The study findings suggest that the presence of vascular risk factors in early adulthood and mid-life are important, he added. “They used a global measure of general cognition and a test of processing speed to measure cognition, so while suggestive of cognitive status at follow-up, performance on these tests is not equivalent to a diagnosis of cognitive impairment or dementia,” he noted.

The researchers used imputation to estimate the effect of the presence of risk factors during early adult life on cognition in late life. Although they found that imputed early-life vascular risk factors were associated with greater late-life cognitive decline, “it is very important to realize that no one that was in the young adult category was followed until late life,” said Wright.

Because treatment of modifiable vascular risk factors can prevent vascular and related cognitive outcomes, it is important to know how early these risk factors start to have an effect.
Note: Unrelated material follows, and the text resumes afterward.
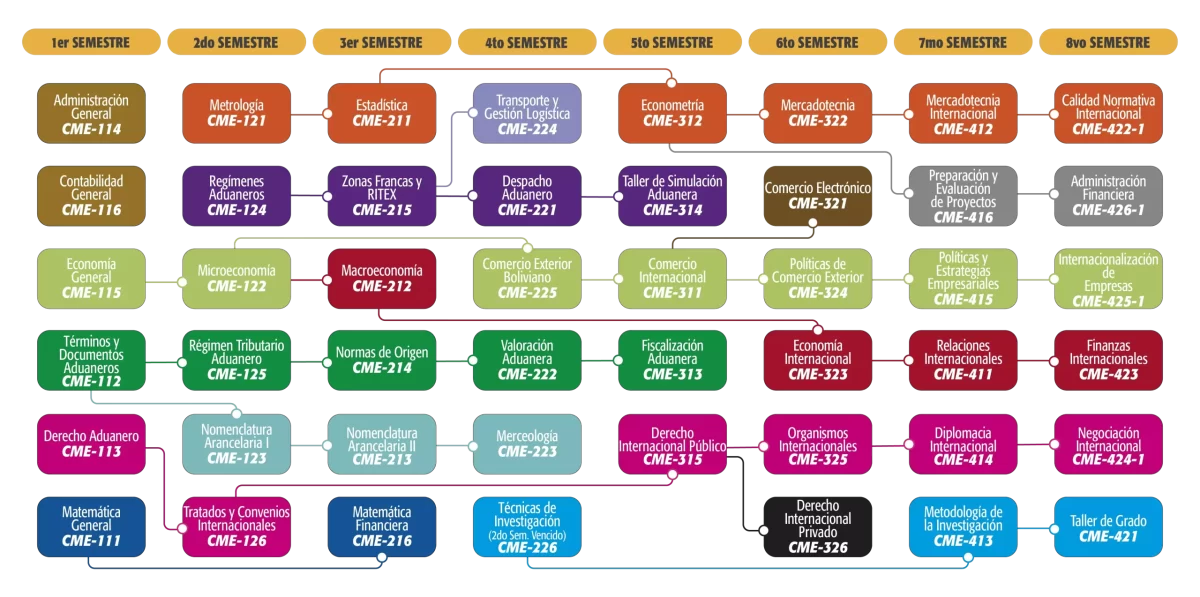 comercio interncional 2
“Since this study is not a clinical trial and is observational and is a pooled analysis of multiple studies where people were not followed from young adult to late life, more data from longitudinal studies are necessary to confirm these findings,” said Wright. “But we may never have a definitive trial, since it is not practical to study large groups of people for decades in the context of a treatment trial.”

One question for future study concerns how the presence of risk factors during early adulthood, including the intensity and duration of these risk factors, affects hard cognitive outcomes, such as mild cognitive impairment and dementia, said Wright.

Another question to investigate is how social determinants of health and access to care modify or moderate the effects of these risk factors in different populations and racial and ethnic groups.

The study was funded by grants from the National Institute on Aging, the National Institutes of Health. Yaffe serves on data safety monitoring boards for Eli Lilly and on a trial sponsored by the National Institute on Aging. She also is a board member of Alector and a member of the Beeson Scientific Advisory Board and the Global Council on Brain Health. Wright receives royalties from UpToDate.com for chapters on vascular dementia.